--- START ---
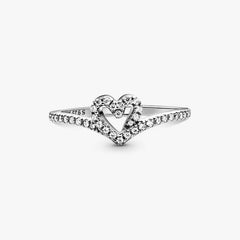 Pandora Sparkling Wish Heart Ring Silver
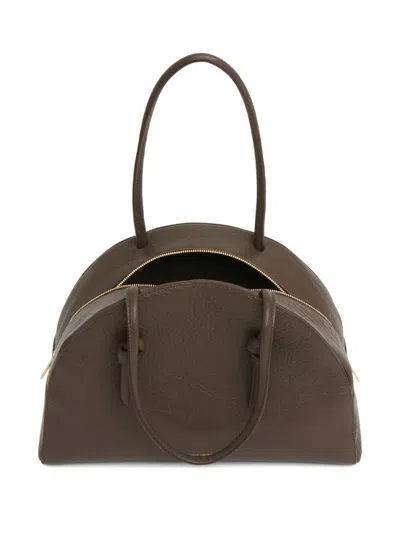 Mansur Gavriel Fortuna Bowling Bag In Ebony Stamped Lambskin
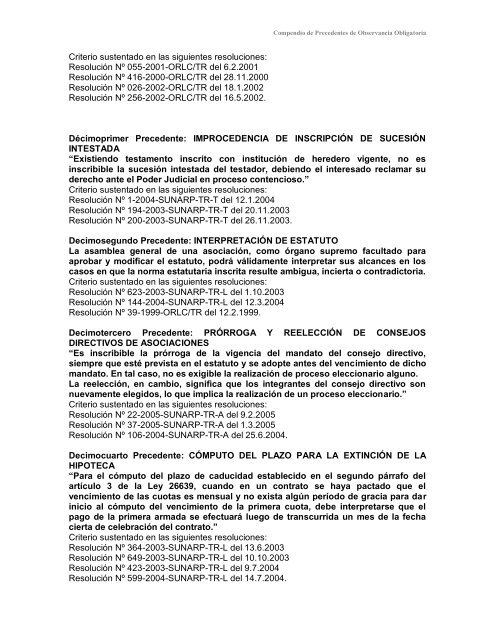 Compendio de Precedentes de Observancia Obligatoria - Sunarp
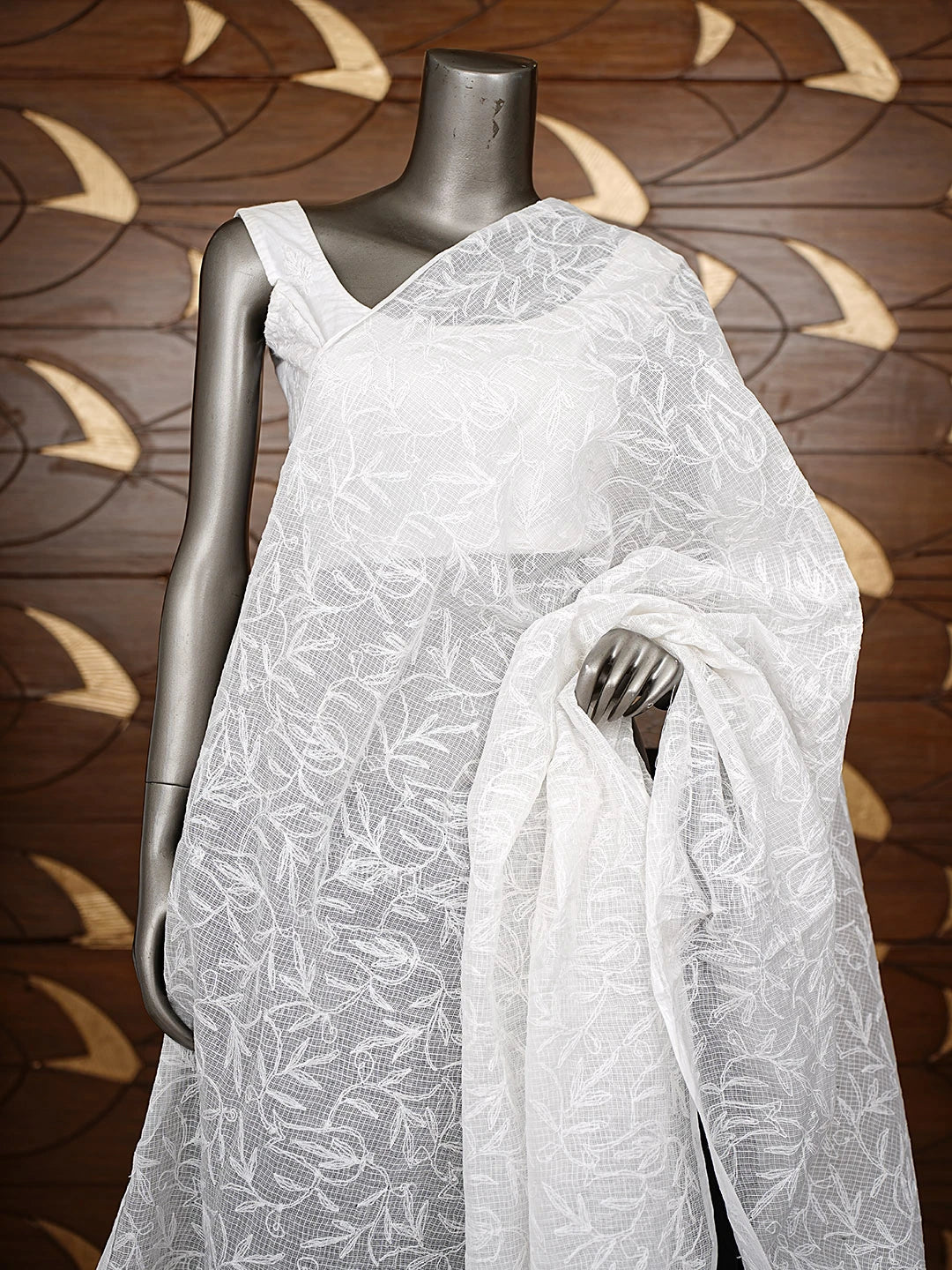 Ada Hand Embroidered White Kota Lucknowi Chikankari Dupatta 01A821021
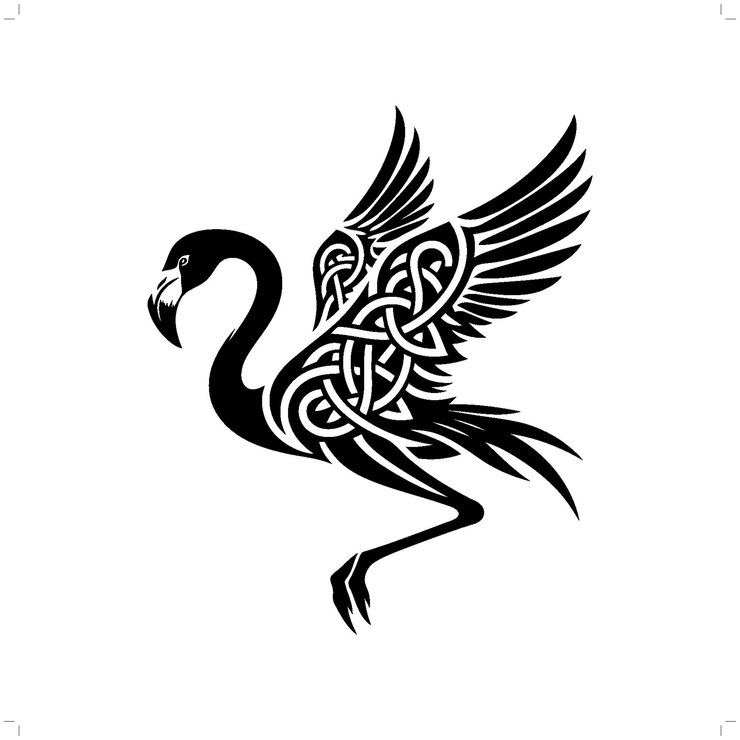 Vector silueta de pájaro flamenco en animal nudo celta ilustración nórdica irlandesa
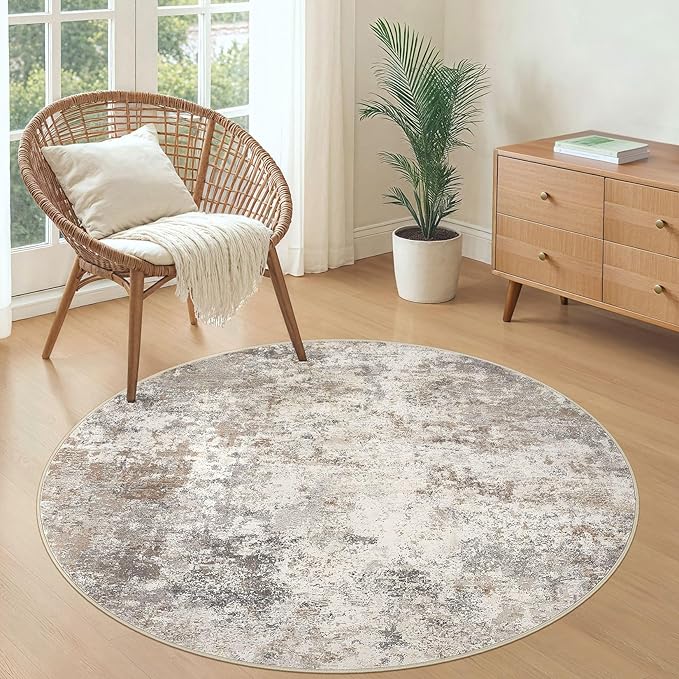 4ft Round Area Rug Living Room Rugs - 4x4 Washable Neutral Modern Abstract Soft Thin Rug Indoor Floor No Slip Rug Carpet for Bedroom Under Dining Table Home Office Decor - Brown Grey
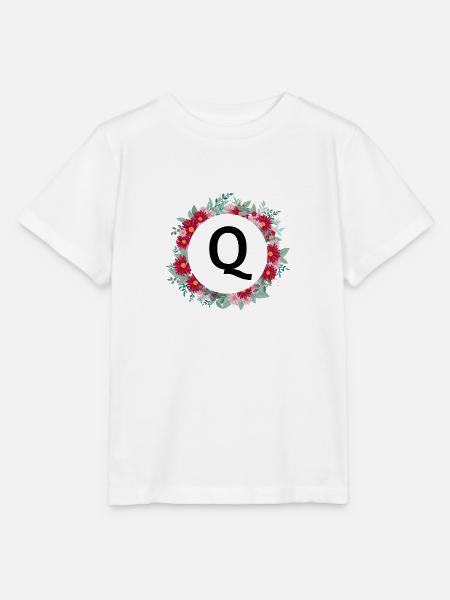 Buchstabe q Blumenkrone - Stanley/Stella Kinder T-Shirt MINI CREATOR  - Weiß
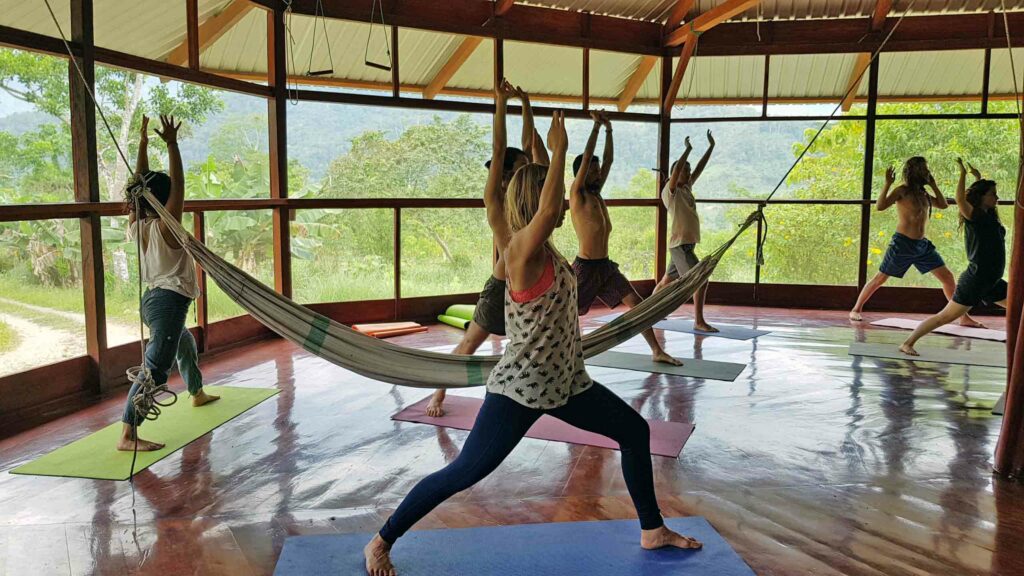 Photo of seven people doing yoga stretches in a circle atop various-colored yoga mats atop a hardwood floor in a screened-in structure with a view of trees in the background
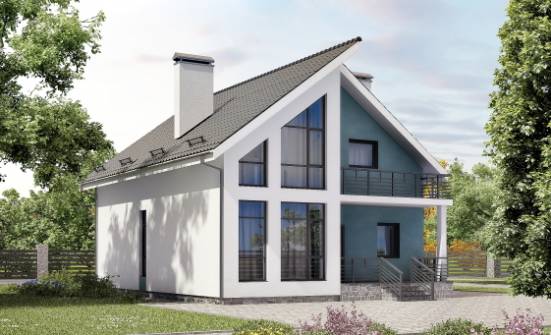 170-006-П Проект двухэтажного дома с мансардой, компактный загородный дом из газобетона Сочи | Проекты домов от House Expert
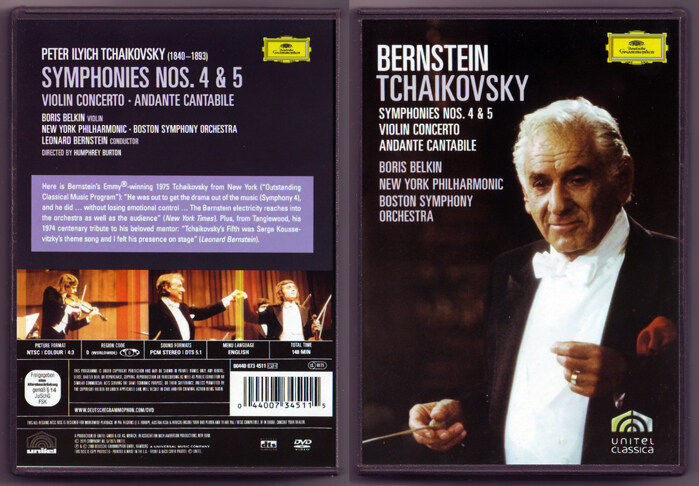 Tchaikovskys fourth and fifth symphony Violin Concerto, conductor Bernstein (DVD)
--- END ---
*Work order*: Every entry, word for word, should be given again; the pictures are not part of the copy.

*Output of the exercise*:
 Pandora Sparkling Wish Heart Ring Silver
 Mansur Gavriel Fortuna Bowling Bag In Ebony Stamped Lambskin
 Compendio de Precedentes de Observancia Obligatoria - Sunarp
 Ada Hand Embroidered White Kota Lucknowi Chikankari Dupatta 01A821021
 Vector silueta de pájaro flamenco en animal nudo celta ilustración nórdica irlandesa
 4ft Round Area Rug Living Room Rugs - 4x4 Washable Neutral Modern Abstract Soft Thin Rug Indoor Floor No Slip Rug Carpet for Bedroom Under Dining Table Home Office Decor - Brown Grey
 Buchstabe q Blumenkrone - Stanley/Stella Kinder T-Shirt MINI CREATOR  - Weiß
 Photo of seven people doing yoga stretches in a circle atop various-colored yoga mats atop a hardwood floor in a screened-in structure with a view of trees in the background
 170-006-П Проект двухэтажного дома с мансардой, компактный загородный дом из газобетона Сочи | Проекты домов от House Expert
 Tchaikovskys fourth and fifth symphony Violin Concerto, conductor Bernstein (DVD)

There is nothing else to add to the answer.